# Studwall Support for Tricuits



## malex (Aug 11, 2008)

Hi All,
I've been reading about Triscuit/Stress Skin Platforms lately and plan to build a whole bunch of these for our theatre. 
My question is in the supports. For a single row of 4' x 4' triscuits, do I need 2 studwalls (one under each end) or 3 studwalls (one under the center line, as well)? I've seen opinions supporting both, but does anyone have any real knowledge on the stability/deflection of the platforms when supported only on each end?
Also, does anyone have a good photo of a large triscuit installation? I'd like to see what all that framing and bracing looks like. 
Thanks


----------



## Van (Aug 11, 2008)

If it's a "real" triscuit I belive Yale has them tested at 50psf load with the stud walls at the 4' centers, obvioulsy this goes up more than exponetially if you add a center support. Typically I use 24" centers since my triscuits are slightly less beefy than those produced at Yale.
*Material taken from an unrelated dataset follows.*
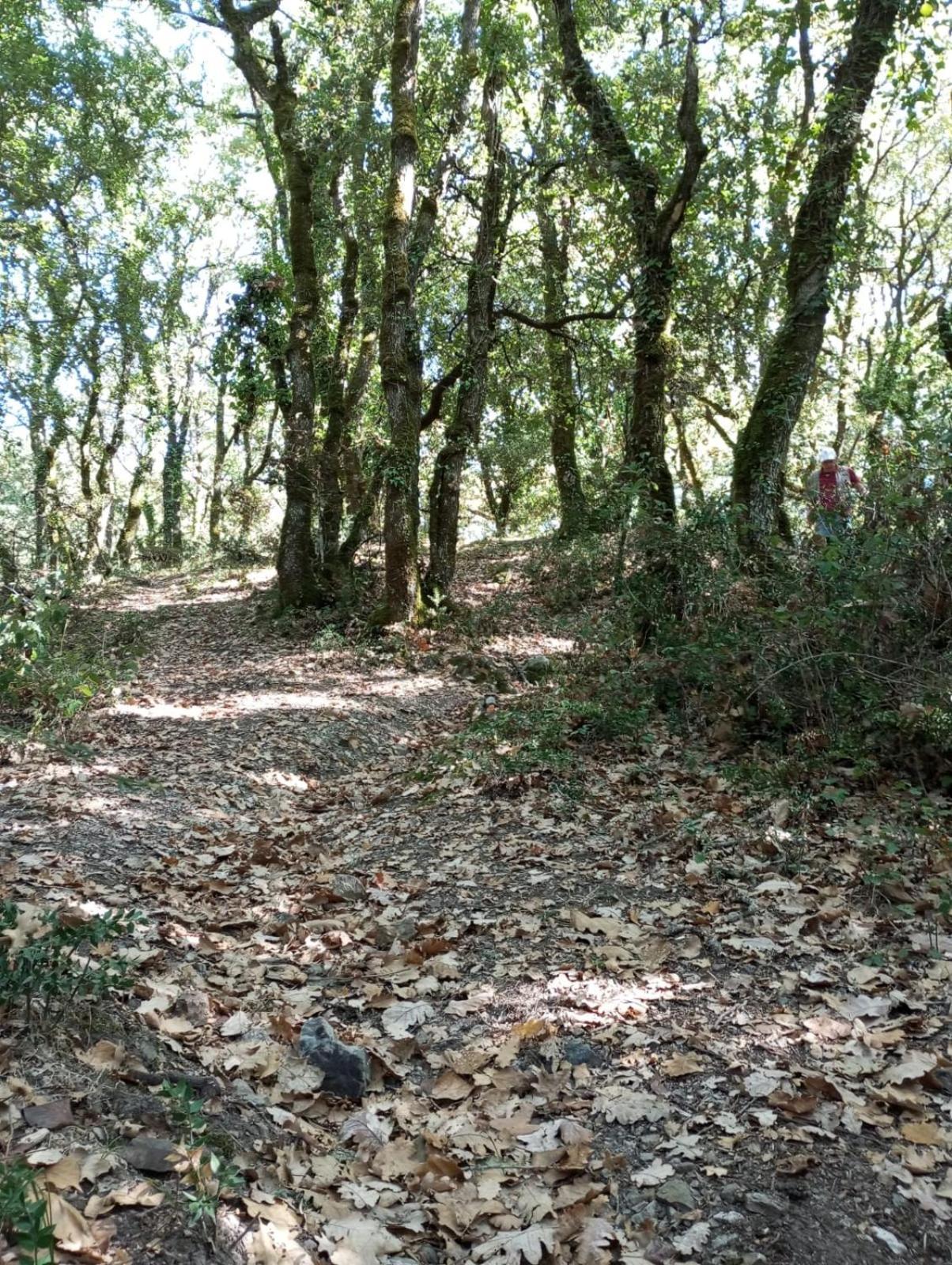 Santa Margherita di BeliceLa Casa Di Enza公寓 外观 照片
I have a rather large installation upstairs right now, If I can remember to bring my camera in I'll snap a few pics.


----------



## leistico (Aug 27, 2008)

We built triscuits as our apron (30" rise from concrete house floor to stage deck, triscuits 3/4" ply on both sides, 2x4's ripped to 1 1/8" true thickness for 1" and 2" internal structure, otherwise built to Yale design) and we have 12 of them, two rows of six across, and we have them on three stud walls w/ studs on 24" centers, with 1/4" ply / lauan "cornerblocks" every few openings as diagonal bracing on the walls. It's held up beautifully for a year now. Initially, I built a triscuit (to test it) and sat it on two 2x4's sitting on the floor, and had as many people stand on it as could physically fit (5 or 6 big folks), plus jump up and down together, and there was no visible deflection from the standing or jumping. They're designed to sit on two studwalls--or two "halves" of studwalls, as the 1" sides allow the 2" stringers to be just sitting over the studwalls by about 3/4" on each side, if the studwall is underneath where two rows come together (incl. 1/8" gap for squeak elimination). If they're built to spec, the studwalls on the edges are all you need.

The only maintenance I've had to do on the floor is to paint it and retighten a few of the bolts I used to hold the triscuits to the stud walls -- should've used lock washers (duh!)


----------